Many people, myself included, have considered what their wedding might look like someday. Some even plan it out, with scrapbooks or Pinterest boards. And, while I did have a Pinterest board labeled “Wedding,” full of cute things I had seen, there was no unifying theme or vision. I had simply been collecting cute pictures somewhat related to an event that I was not certain would ever be something I participated in.
And then James asked me to marry him.
So, there we were—with two cultures, two religions, two countries—trying to somehow reconcile the differences to build a ceremony that worked for both of us. Since we had such a distance to bridge, we decided to begin by figuring out what kind of ceremony we wanted. Pretty early on we vetoed the idea of a Christian ceremony; I would not be comfortable with it, James isn’t particularly religious, and neither of us had any potential contacts for an officiant. After some back and forth, we decided on a Jewish ceremony, with James insisting on it because he knew it mattered to me.
With that in mind, we asked the rabbi of my former congregation, who had presided over my naming ceremony two days after the mikveh, if she would officiate our wedding. It was an interesting conversation, considering that James and I had not been together for very long and that we did not discuss our relationship publicly during most of that time. While we had been waiting to make our schedules align, James and I had found an interfaith ketubah we liked, so the rabbi and I went over it together. After some back-and-forth about the language of the ketubah, and a lot of searching for a date that would work for us and would not be during the Seven Weeks (from Passover to Shavuot) so she could officiate, we had a date: May 25.

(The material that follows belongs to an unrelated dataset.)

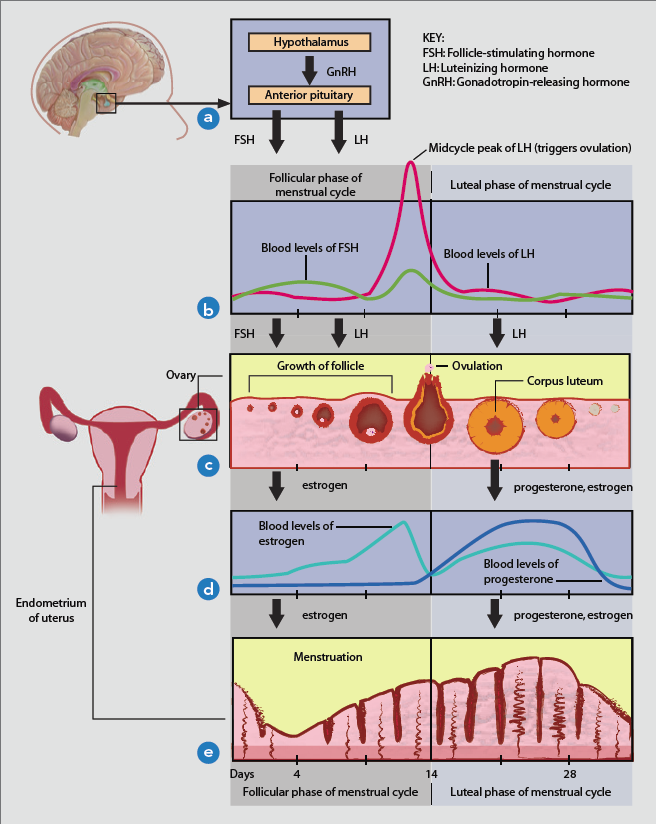 The roller coaster of female hormones – are you enjoying the ride? | The  NEI Connection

Next, it was time to look at venues. Despite being from large families—James is the youngest of five and, between half-siblings and step-siblings, I am one of 10—we both agreed that we wanted to keep it as small as possible, with 50 guests as our max. Our friend Kat, who introduced me and James, suggested throwing us a post-wedding party the next night at a bar where we’d attended an event together earlier in our friendship. We agreed—we knew that it was the only way we could celebrate with all of our friends while still having a small, intimate wedding. With that head count in mind, and after a fortuitous walk near my alma mater, we settled on the small, lakeside lawn in a nearby park.
We filled out the petition for alien fiancé (their words, not mine), beginning the process of immigration for James. Everything was going pretty smoothly—until the rabbi let me know that she would not, in fact, be able to officiate. Let’s just go to City Hall, I said, not for the first time. We would still be married. And, like he had done every other time, James shook his head on our video call. “That’s not what you actually want. You’d regret it.” So, back to the grind it was—we still had a wedding to make happen.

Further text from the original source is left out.